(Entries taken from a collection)
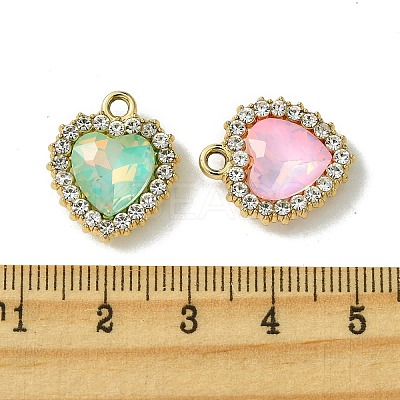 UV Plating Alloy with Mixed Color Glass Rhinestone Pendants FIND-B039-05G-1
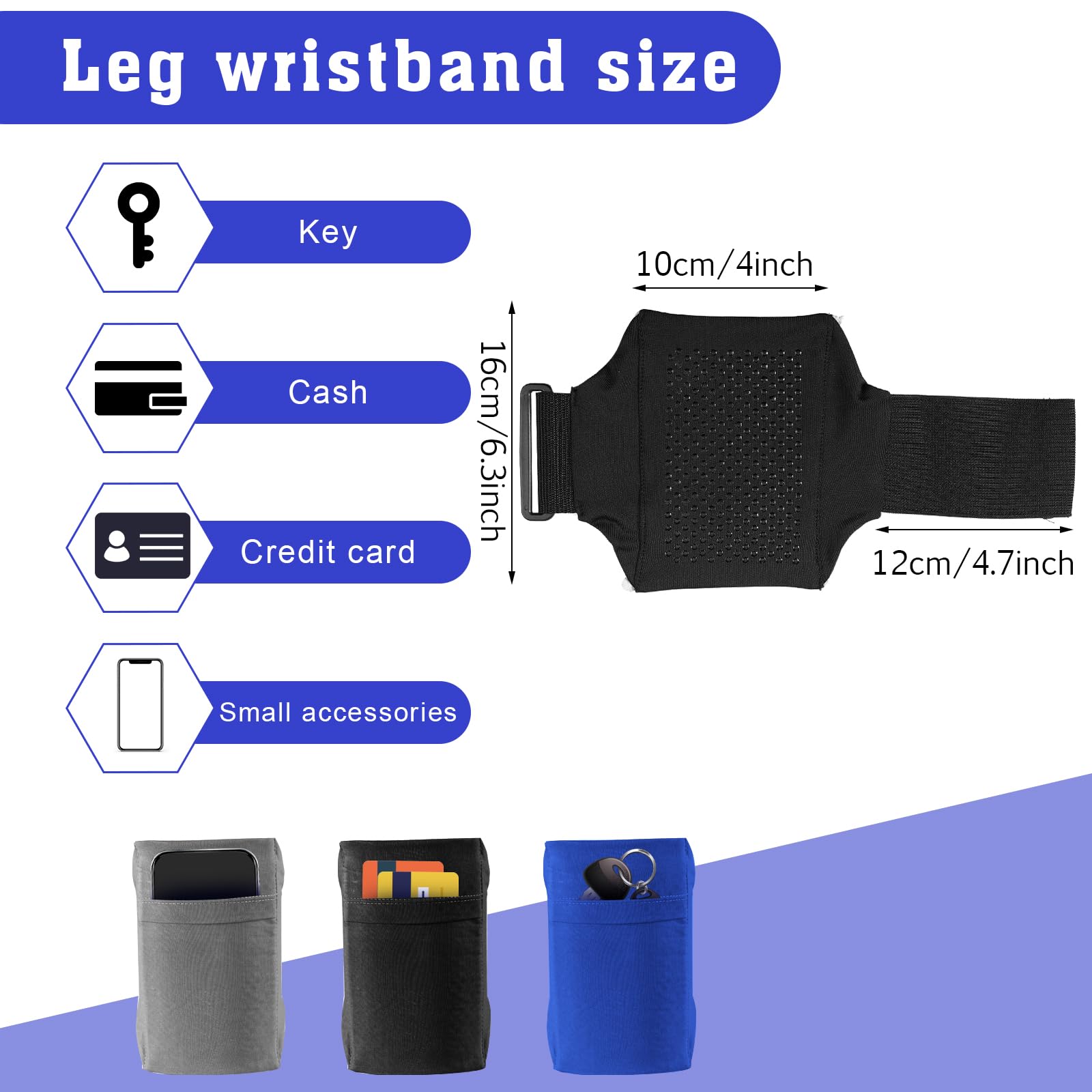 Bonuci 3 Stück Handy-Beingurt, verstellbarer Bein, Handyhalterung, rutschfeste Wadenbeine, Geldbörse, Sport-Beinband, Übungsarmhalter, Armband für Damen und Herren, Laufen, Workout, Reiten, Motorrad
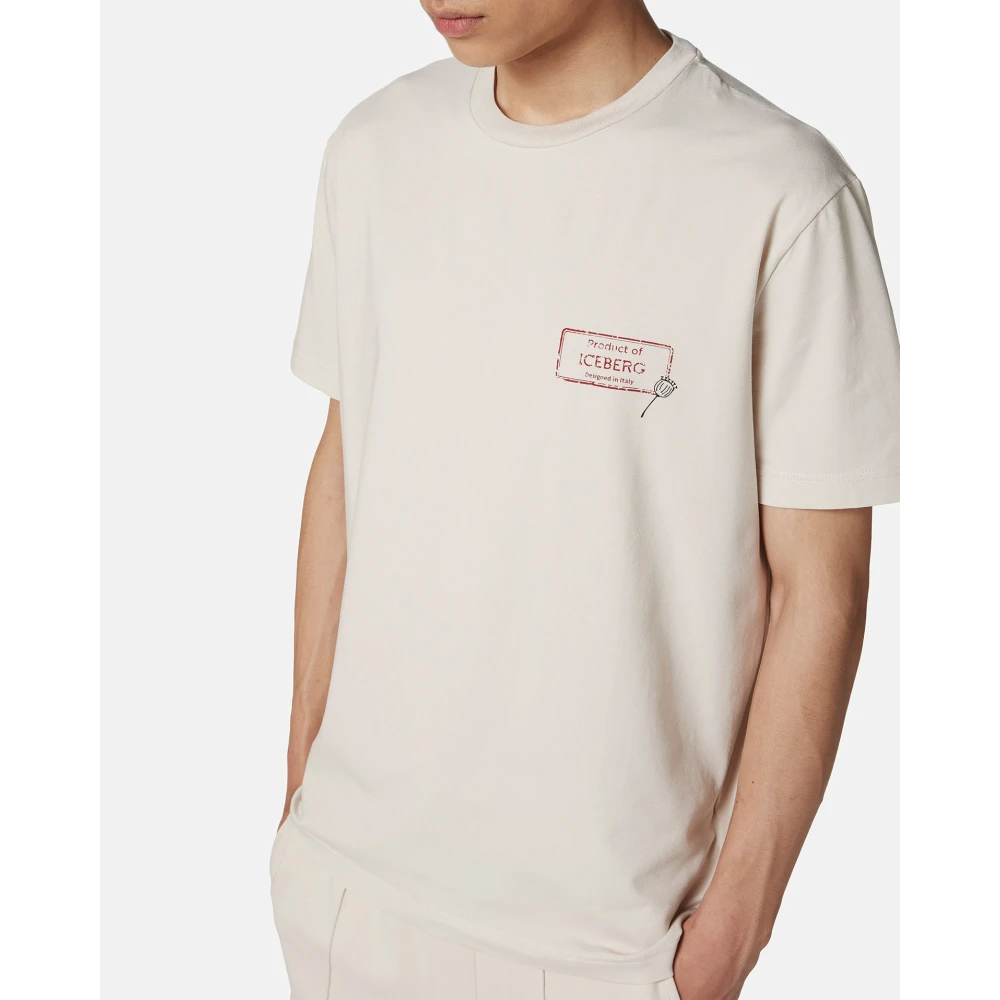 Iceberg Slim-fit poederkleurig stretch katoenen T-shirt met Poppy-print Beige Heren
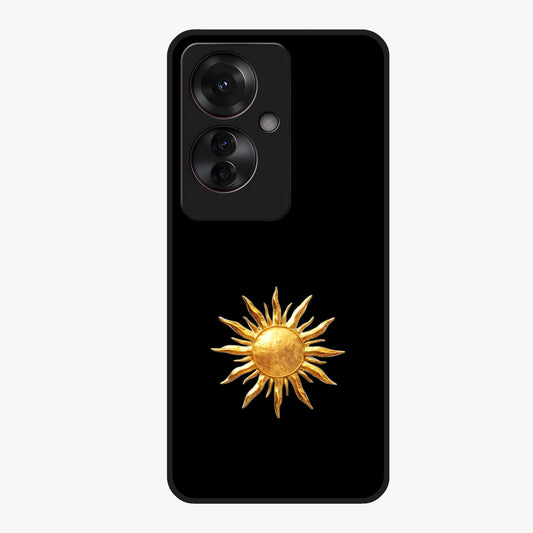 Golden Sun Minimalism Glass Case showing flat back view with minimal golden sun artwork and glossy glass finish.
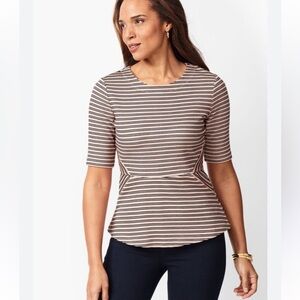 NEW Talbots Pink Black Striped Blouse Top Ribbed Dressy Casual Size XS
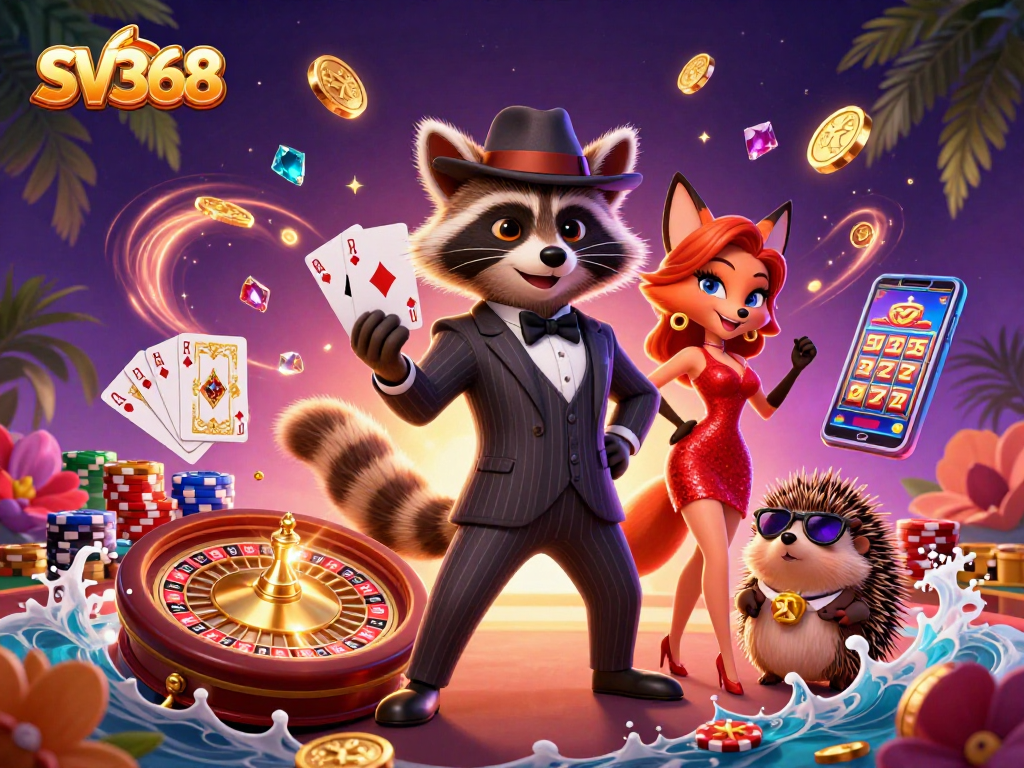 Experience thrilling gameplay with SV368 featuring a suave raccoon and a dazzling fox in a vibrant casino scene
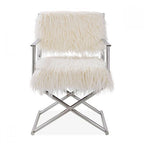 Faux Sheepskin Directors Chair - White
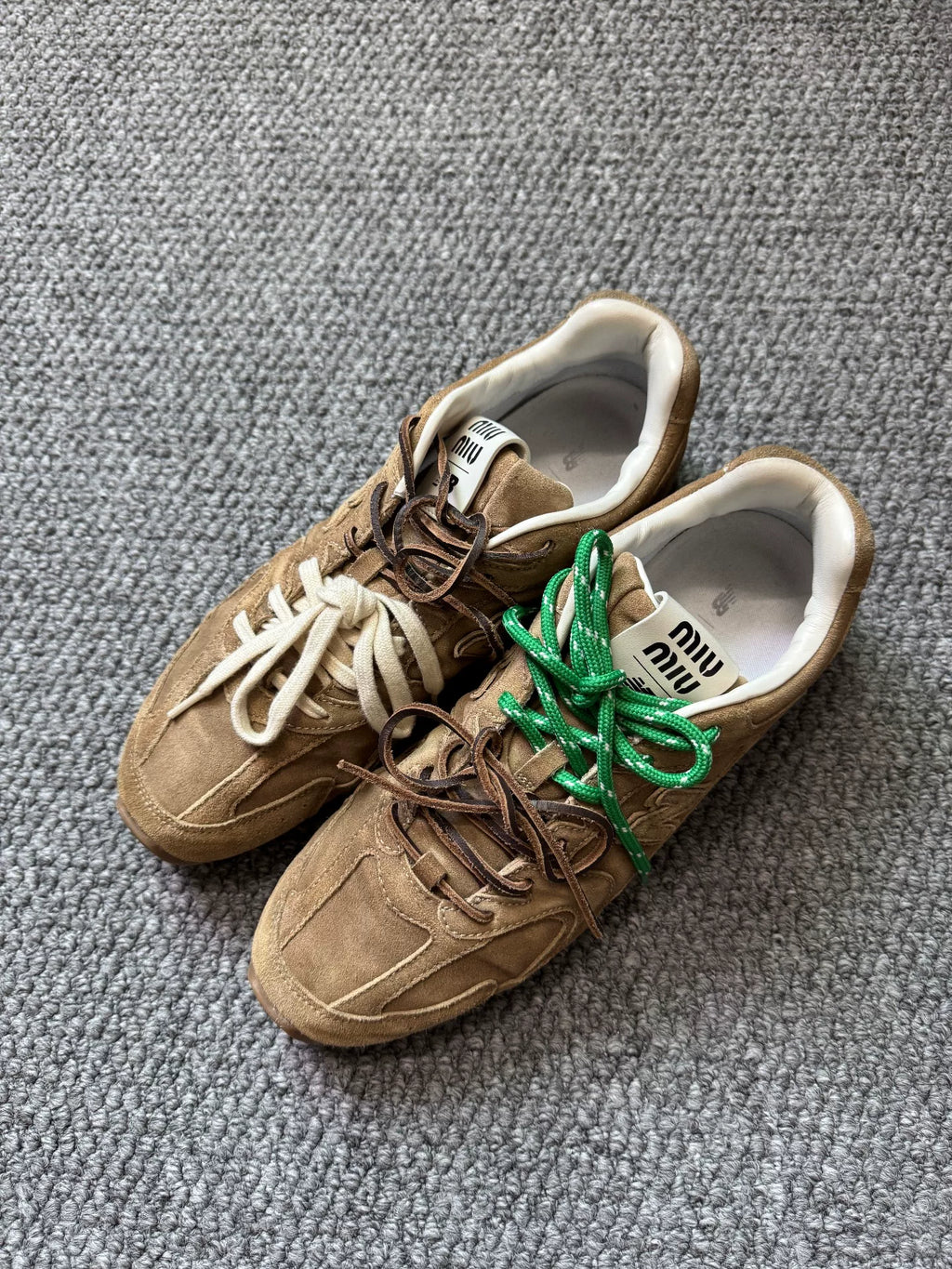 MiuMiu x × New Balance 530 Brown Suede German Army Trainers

▸ The problem
All records should be output exactly, with the pictures left out.

▸ Answer for the task
 UV Plating Alloy with Mixed Color Glass Rhinestone Pendants FIND-B039-05G-1
 Bonuci 3 Stück Handy-Beingurt, verstellbarer Bein, Handyhalterung, rutschfeste Wadenbeine, Geldbörse, Sport-Beinband, Übungsarmhalter, Armband für Damen und Herren, Laufen, Workout, Reiten, Motorrad
 Iceberg Slim-fit poederkleurig stretch katoenen T-shirt met Poppy-print Beige Heren
 Golden Sun Minimalism Glass Case showing flat back view with minimal golden sun artwork and glossy glass finish.
 NEW Talbots Pink Black Striped Blouse Top Ribbed Dressy Casual Size XS
 Experience thrilling gameplay with SV368 featuring a suave raccoon and a dazzling fox in a vibrant casino scene
 Faux Sheepskin Directors Chair - White
 MiuMiu x × New Balance 530 Brown Suede German Army Trainers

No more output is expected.